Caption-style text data
────────────────
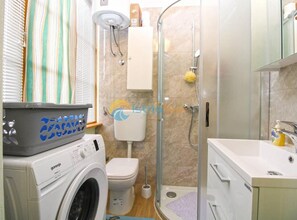 Shower, hair dryer, towels - Apartments Lea - Two Bedroom Apartment (Paolo) (Pula)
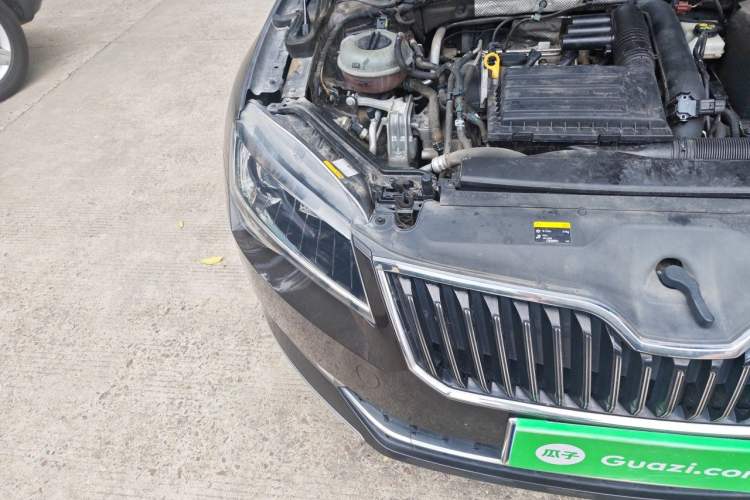 Used Skoda Superb 2016 TSI280 DSG Innovation Edition Right Front Headlight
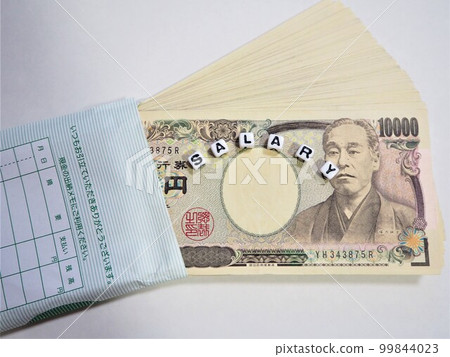 信封中的一疊 10,000 日元鈔票和工資字母“SALARY”13 99844023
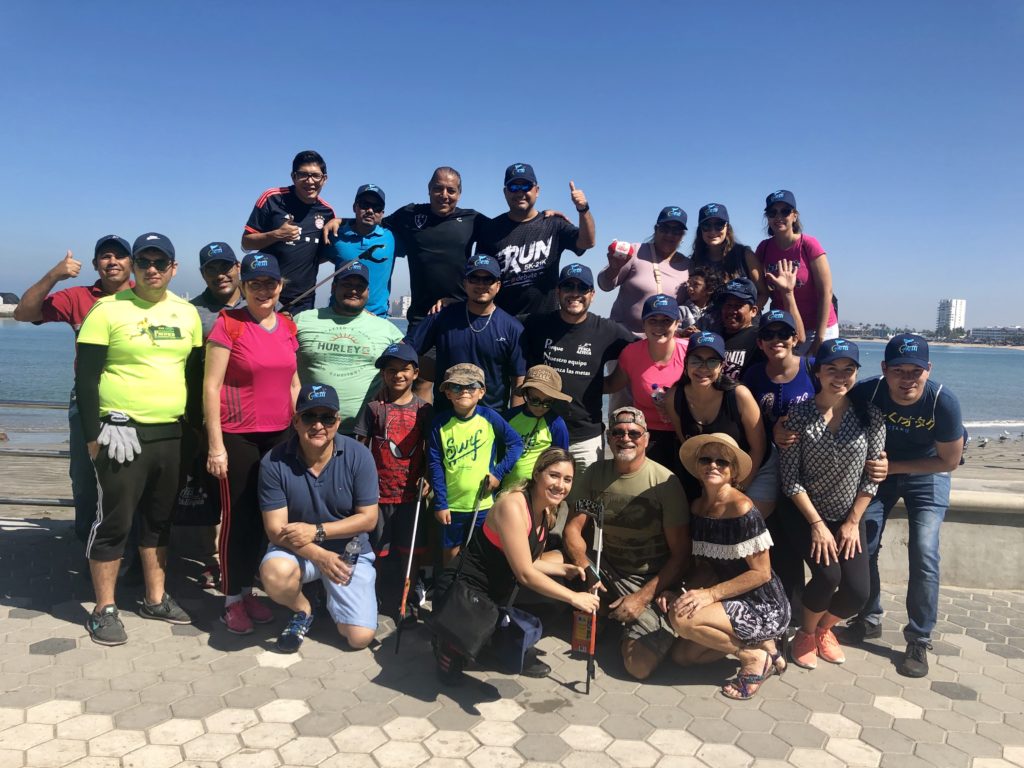 Bandera Azul limpiando Mazatlan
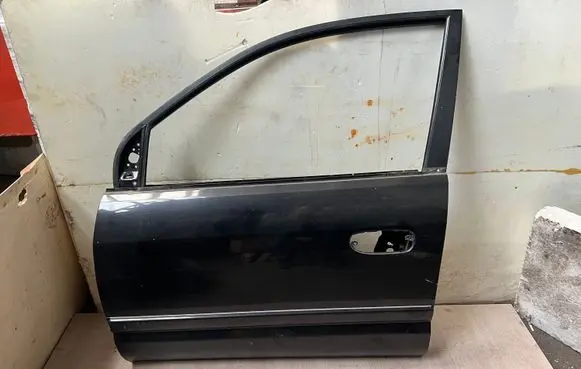 Mitsubishi Space Star Front door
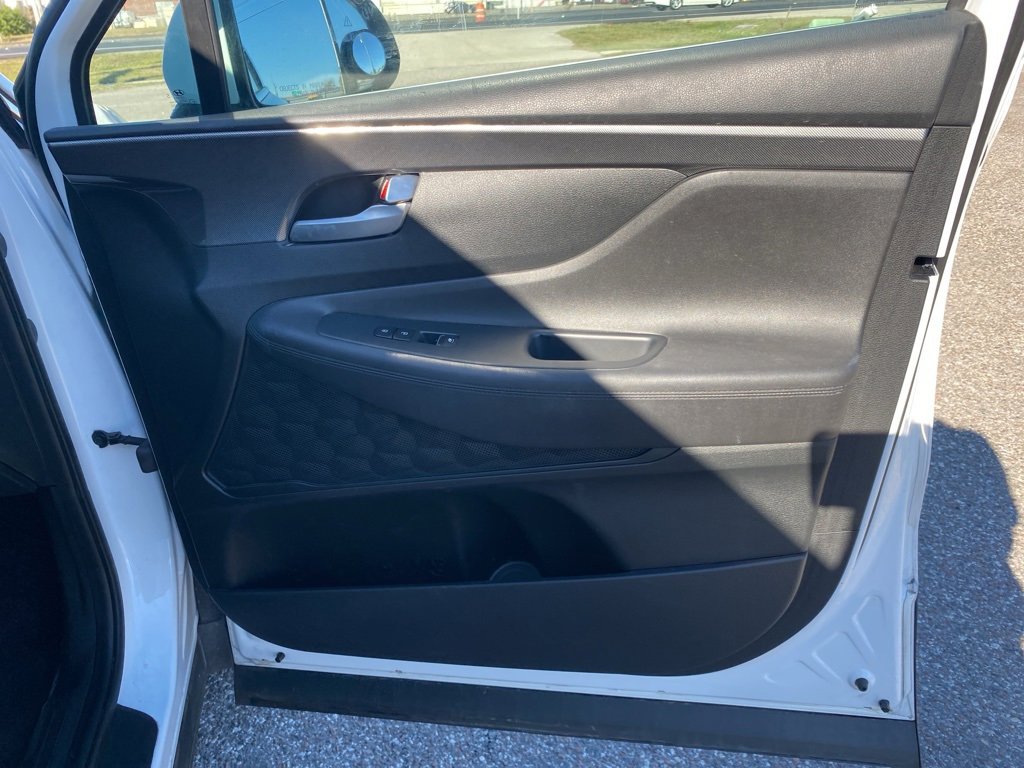 Used 2022 Hyundai Santa Fe SEL w/ Cargo Package image 17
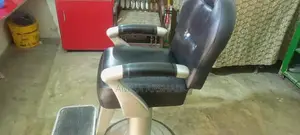 Professional Barber Chair - Lightly Used, Excellent Condition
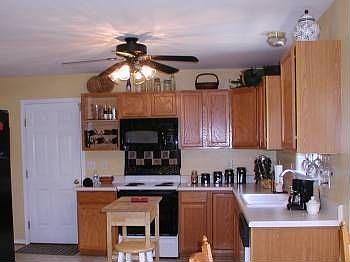 4th image of 7846 Silktree Pl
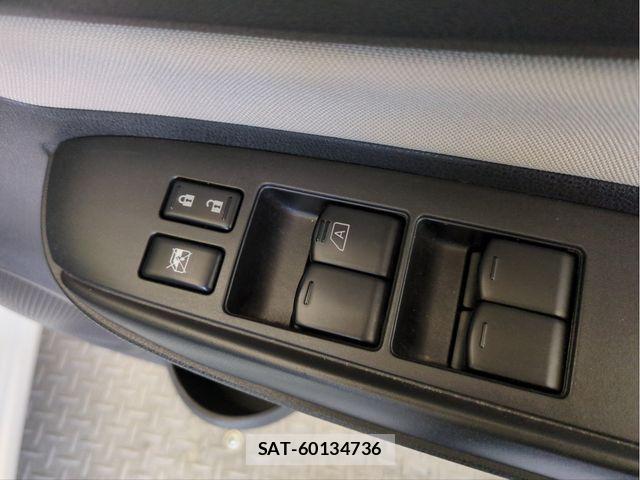 Nissan NOTE 2018-05 7456488-29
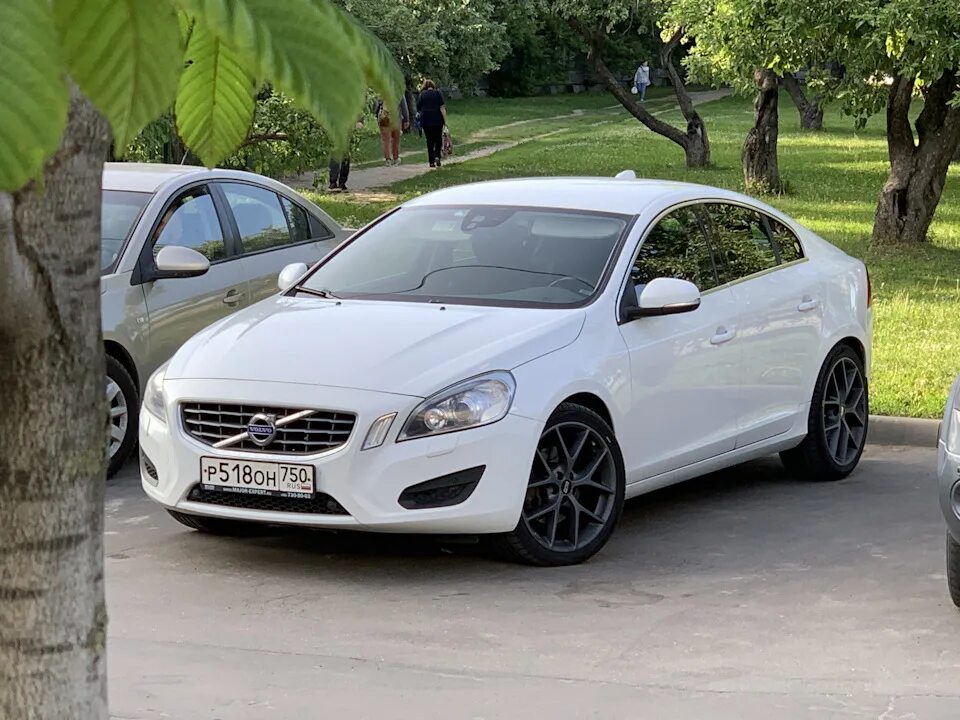 Volvo s60 2.5. Volvo s60 2012. Вольво s60 2012. Volvo s60 II. Вольво s60 2012 белая.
────────────────
■ **Exercise goal**
Omit the pictures, then copy out all the data exactly as it stands.

■ **Answer to this task**
 Shower, hair dryer, towels - Apartments Lea - Two Bedroom Apartment (Paolo) (Pula)
 Used Skoda Superb 2016 TSI280 DSG Innovation Edition Right Front Headlight
 信封中的一疊 10,000 日元鈔票和工資字母“SALARY”13 99844023
 Bandera Azul limpiando Mazatlan
 Mitsubishi Space Star Front door
 Used 2022 Hyundai Santa Fe SEL w/ Cargo Package image 17
 Professional Barber Chair - Lightly Used, Excellent Condition
 4th image of 7846 Silktree Pl
 Nissan NOTE 2018-05 7456488-29
 Volvo s60 2.5. Volvo s60 2012. Вольво s60 2012. Volvo s60 II. Вольво s60 2012 белая.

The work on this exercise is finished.